Woodham Ferrers and Bicknacre is a civil parish in the Chelmsford district in Essex, England. The parish includes the villages of Bicknacre and Woodham Ferrers. At the 2021 census the parish had a population of 2,922. The parish adopted its modern name in 1987 when the old parish of Woodham Ferrers was split; the southern part became a separate parish called South Woodham Ferrers and the remainder was renamed Woodham Ferrers and Bicknacre after its two main settlements.

==History==
Woodham Ferrers was an ancient parish in the Chelmsford hundred of Essex. As well as the village itself, the parish included surrounding rural areas, stretching from Bicknacre in the north down to the River Crouch in the south. When the Southminster branch of the Great Eastern Railway was built it passed through the parish, but 1 mile south of the village itself, following the flatter land south of the hill on which Woodham Ferrers village stands. Woodham Ferrers railway station opened with the line in 1889 to serve the area.

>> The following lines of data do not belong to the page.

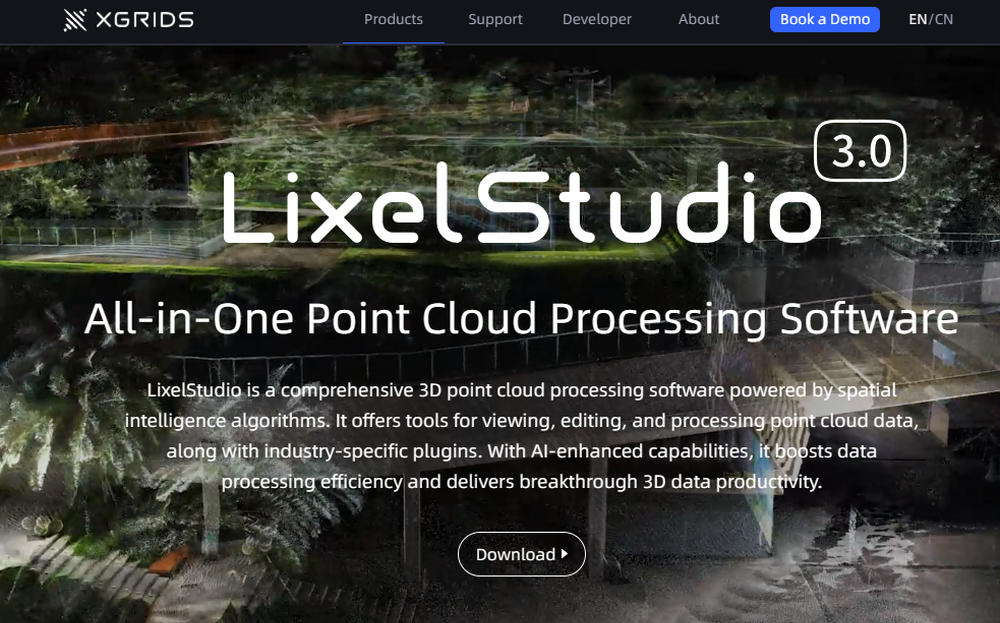 LixelStudio Screenshot 1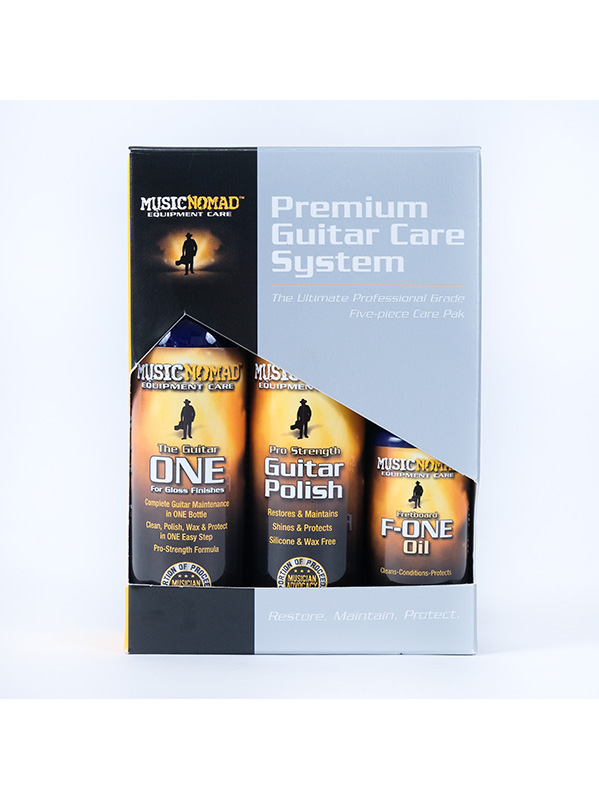 Music Nomad Guitar Care System - Care & Cleaning Gitaar - Variation 2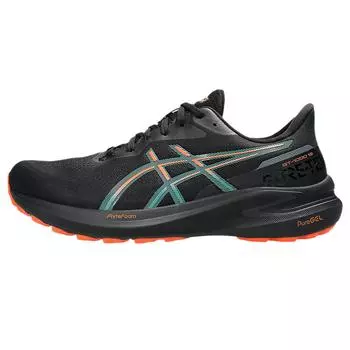 ASICS GT 1000 13 GORE-TEX Black Nova Orange Мужские кроссовки 1011B857-002 44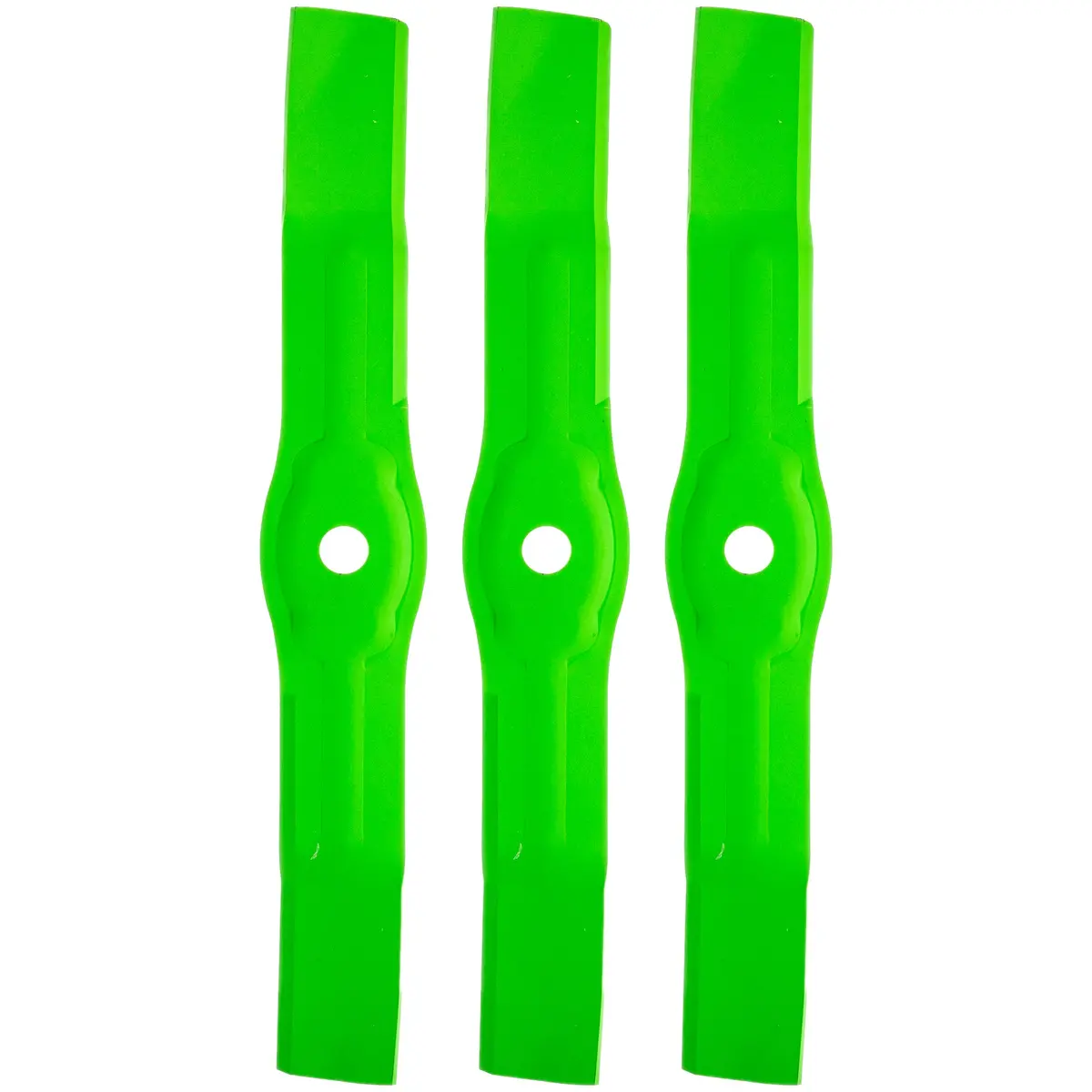 Lawnrazor Mulching Blade For John Deere Uc18055 | 3-Pack 1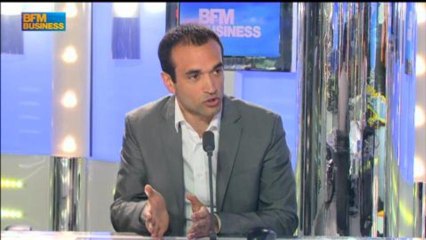 Une salle de marché éthique pour les entreprises : Gregory Abidhoussen dans GMB - 3 mai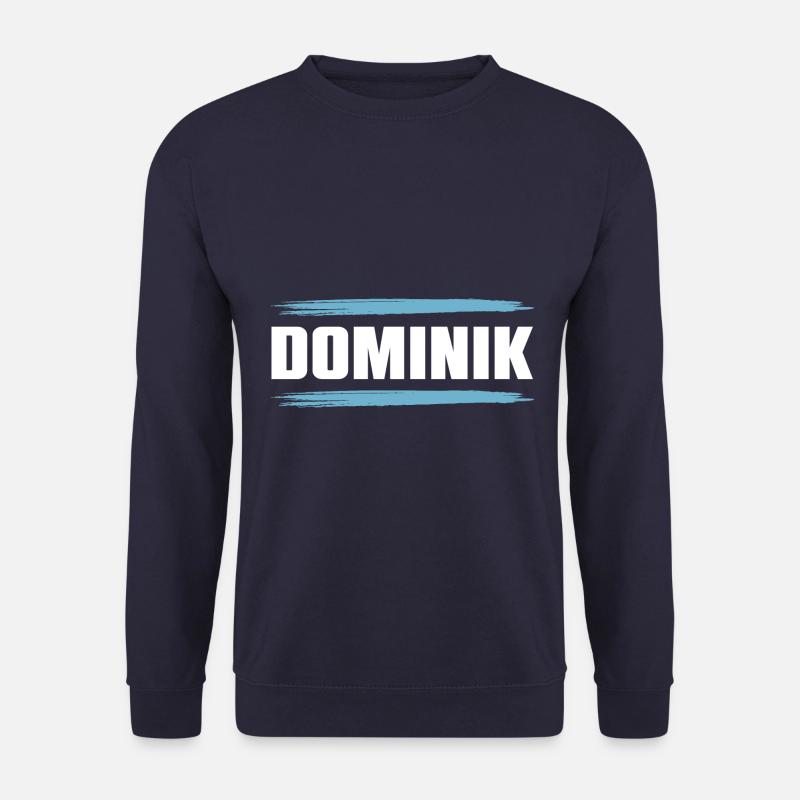 Dominik - Unisex Sweatshirt - navy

A new settlement grew up around the station, which became known as South Woodham Ferrers. In 1987, a new parish of South Woodham Ferrers was created from the southern part of the old Woodham Ferrers parish, and the remainder was renamed "Woodham Ferrers and Bicknacre".

==Governance==
There are three tiers of local government covering Woodham Ferrers and Bicknacre, at parish, district, and county level: Woodham Ferrers and Bicknacre Parish Council, Chelmsford City Council, and Essex County Council. The parish council generally meets at the Memorial Hall in Bicknacre.